DESCRIPTION OF THE TASK - Would you please restate the data exactly as it stands, apart from the pictures?

++++++++

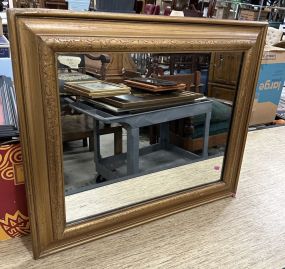 Painted Gold Wood Framed Mirror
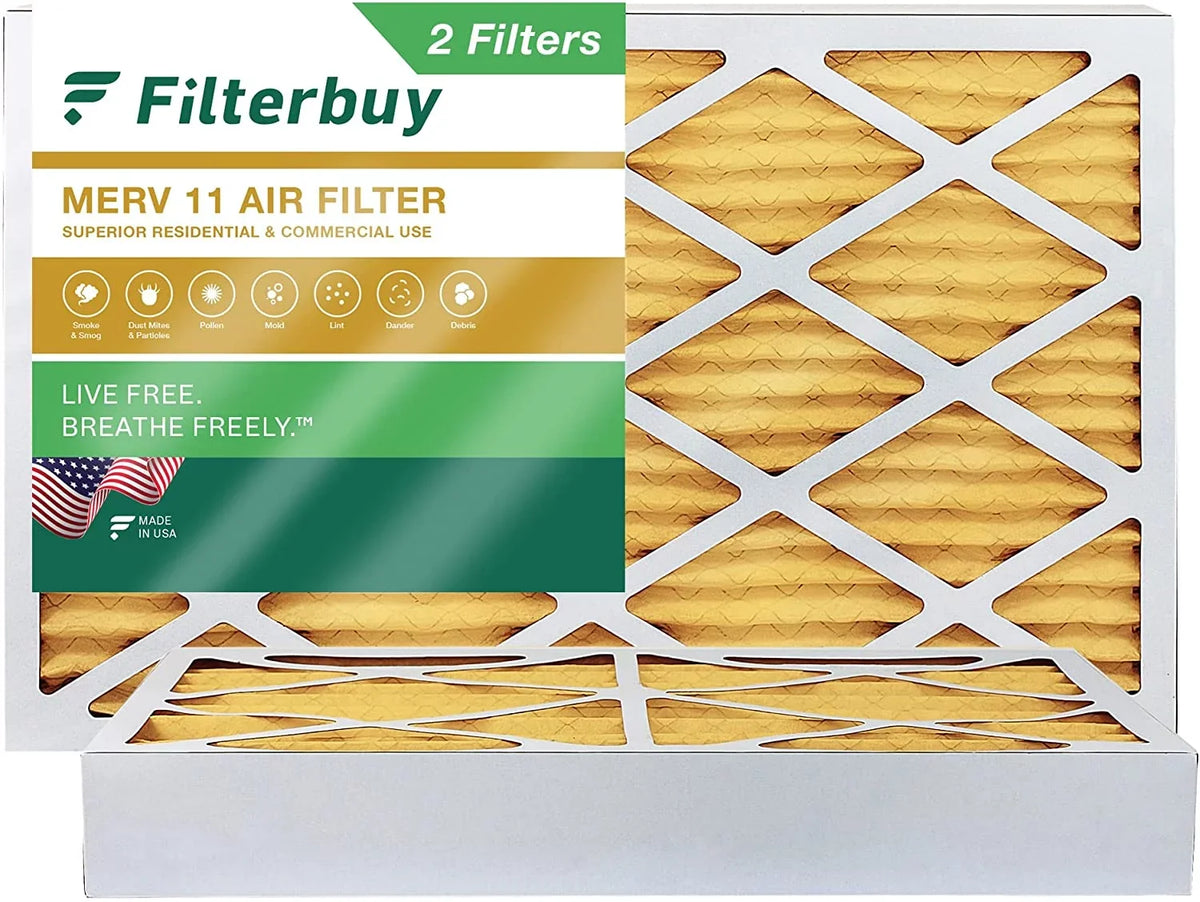 Air 10x18x4 Filters MERV HVAC Filterbuy AC 11 Furnace Pleated (2-Pack)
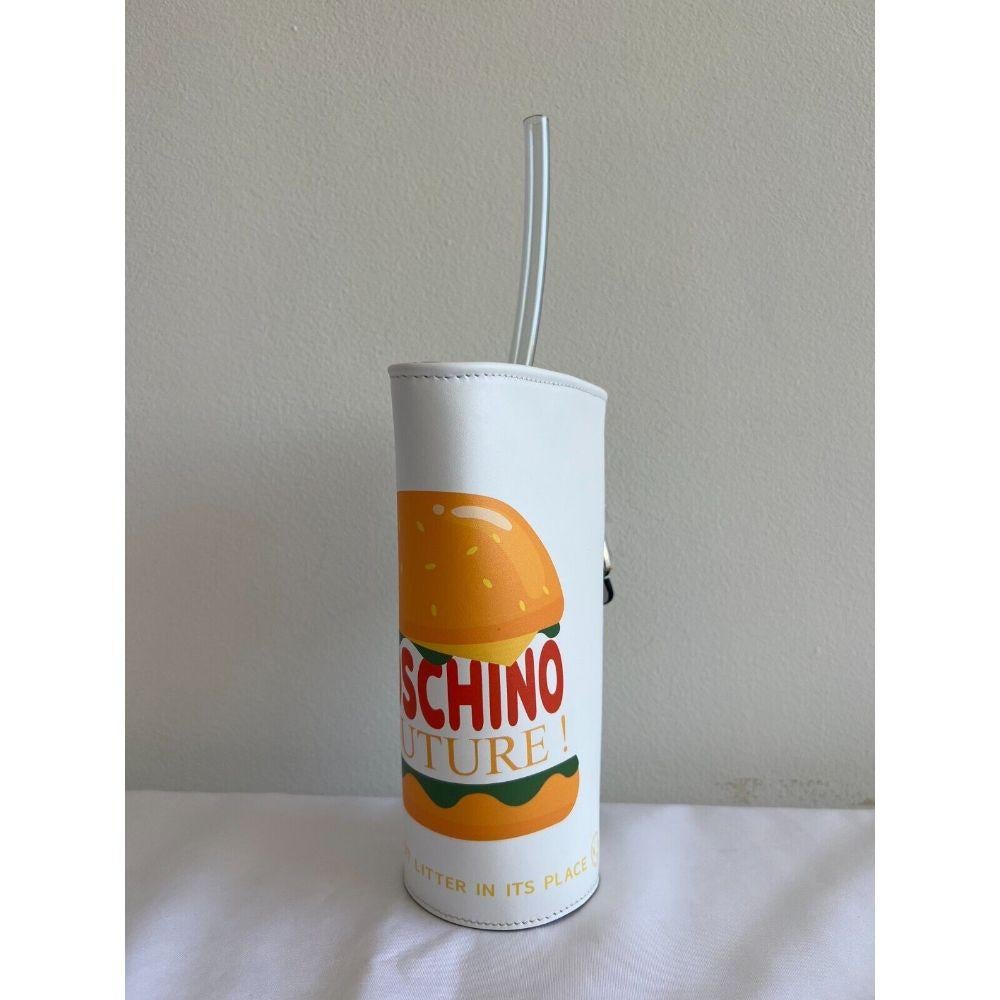 SS22 Moschino Couture to Go Slushy Cup Clutch Burger Logo by Jeremy Scott For Sale 1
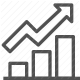 analytics, business, chart, graph, growth, statistics, trend icon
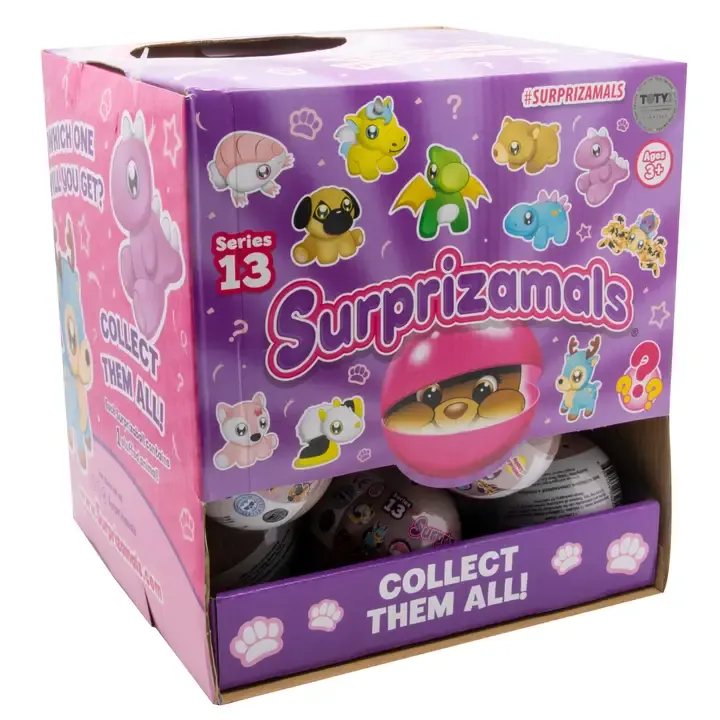 I MINI PELUCHE SURPRIZAMALS IN PALLINA A SORPRESA I MINI PELUCHE SURPRIZAMALS IN PALLINA A SORPRESA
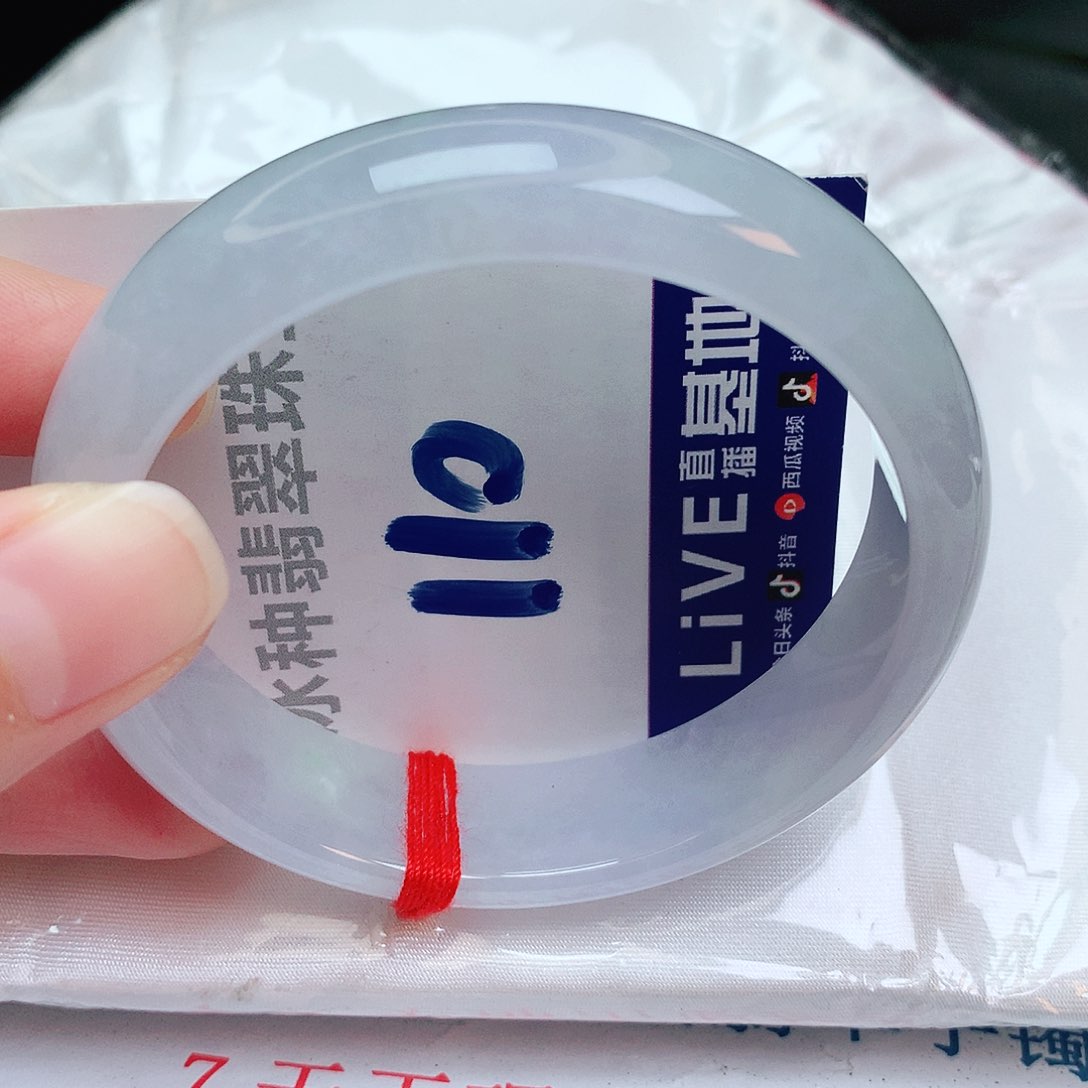 翡翠手镯未镶嵌缅甸天然A货翡翠手镯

++++++++

EXERCISE ANSWER -
 Painted Gold Wood Framed Mirror
 Air 10x18x4 Filters MERV HVAC Filterbuy AC 11 Furnace Pleated (2-Pack)
 SS22 Moschino Couture to Go Slushy Cup Clutch Burger Logo by Jeremy Scott For Sale 1
 analytics, business, chart, graph, growth, statistics, trend icon
 I MINI PELUCHE SURPRIZAMALS IN PALLINA A SORPRESA I MINI PELUCHE SURPRIZAMALS IN PALLINA A SORPRESA
 翡翠手镯未镶嵌缅甸天然A货翡翠手镯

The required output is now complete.